Soffer: You have to hire well in the first place, which is the job of the employer. Is this team member skilled, curious, hardworking, generous of spirit? Do they accept personal responsibility? Most importantly, do they share the values of the company? If someone ticks those boxes, they are worth mentoring.

Bisnow: What are your thoughts on the metaverse? Does it have any relevance for CRE? 

Soffer: I don’t think about the Metaverse as a destination, but rather a whole set of new tools being forged to create immersive web experiences. I couldn’t tell you today if it’s future is transactional, entertaining or informative, but I don’t think it will be one thing or one place. Just another element we can add to complement the development of physical sites.

Bisnow: What do you see as the lasting impacts of the pandemic on CRE?

Soffer: I think that the critical mass we have achieved in South Florida is lasting. I think that in a way, the gratitude people feel over the simple act of getting together, going shopping, dining out or even working in an office among colleagues and friends has actually reignited CRE. Community is now something people crave and think about.
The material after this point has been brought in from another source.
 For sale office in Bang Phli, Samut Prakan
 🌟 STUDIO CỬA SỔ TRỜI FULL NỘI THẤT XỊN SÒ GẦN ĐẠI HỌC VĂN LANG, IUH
I think that is part of the success of SoLé Mia right out of the gate.

Bisnow: As you know, there is a massive conversation underway regarding advancing more people of color and women into the C-suite. What are you doing to address those voices and that movement within your own organization?
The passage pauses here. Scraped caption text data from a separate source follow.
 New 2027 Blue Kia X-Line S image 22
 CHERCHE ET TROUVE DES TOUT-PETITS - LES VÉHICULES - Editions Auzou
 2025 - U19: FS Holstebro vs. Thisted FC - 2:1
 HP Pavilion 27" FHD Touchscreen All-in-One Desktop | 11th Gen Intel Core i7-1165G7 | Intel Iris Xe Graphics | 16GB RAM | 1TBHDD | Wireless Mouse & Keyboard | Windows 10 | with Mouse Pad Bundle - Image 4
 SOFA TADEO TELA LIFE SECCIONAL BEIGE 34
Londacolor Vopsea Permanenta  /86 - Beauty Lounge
Soffer: We try to promote from within as much as possible, and aggressively seek out great new talent. And to be honest, since we are a female-led company, we don’t really attract talent that lives by antiquated ideas and mores.

Bisnow: So, this is the weekend interview. What’s your typical weekend routine?

Soffer: Spend as much time as I can with my family — and in my case, that is a lot of people. I usually stop by Aventura Mall and Miami Design District to observe how visitors are experiencing these destinations.